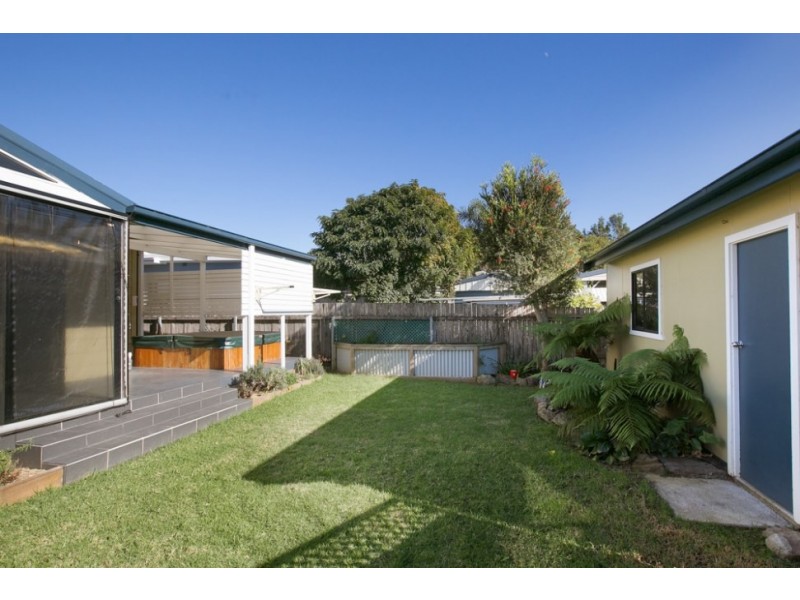 10 Glossop Street, Towradgi NSW 2518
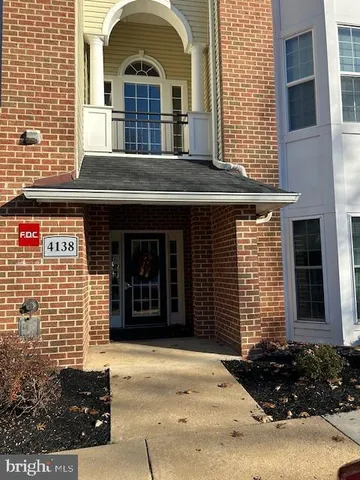 $2,800 | 4138 Fountainside Lane, Unit 202, Fairfax, VA 22030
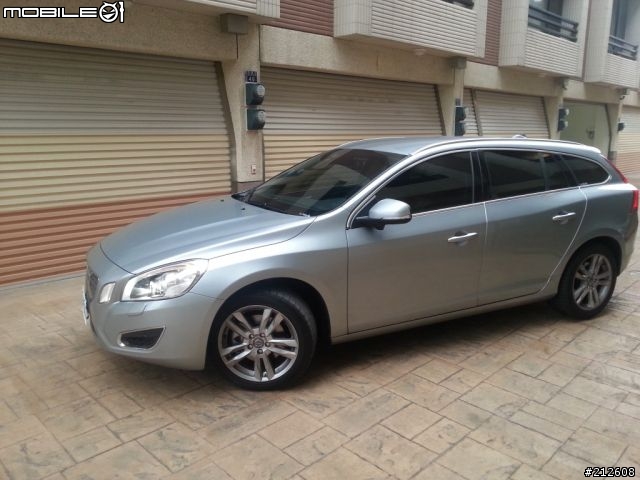 大車、小車。v60 vs. Quinny Zapp+ Maxi-cosi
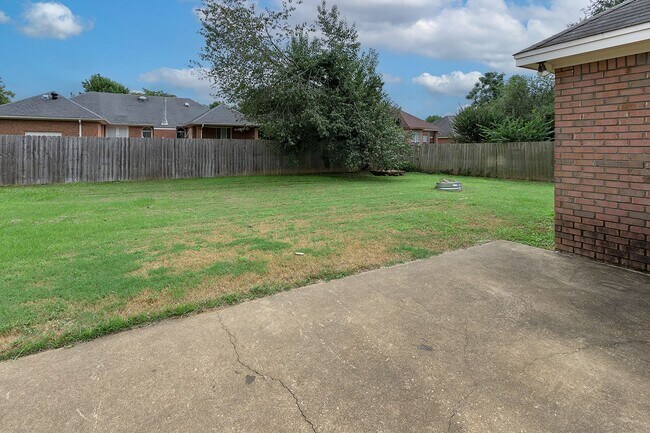 Building Photo - Home in Prattville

**YOUR ASSIGNMENT:** Pictures aside, reproduce all of the data exactly.

**SOLUTION TO THIS PROBLEM:**
 10 Glossop Street, Towradgi NSW 2518
 $2,800 | 4138 Fountainside Lane, Unit 202, Fairfax, VA 22030
 大車、小車。v60 vs. Quinny Zapp+ Maxi-cosi
 Building Photo - Home in Prattville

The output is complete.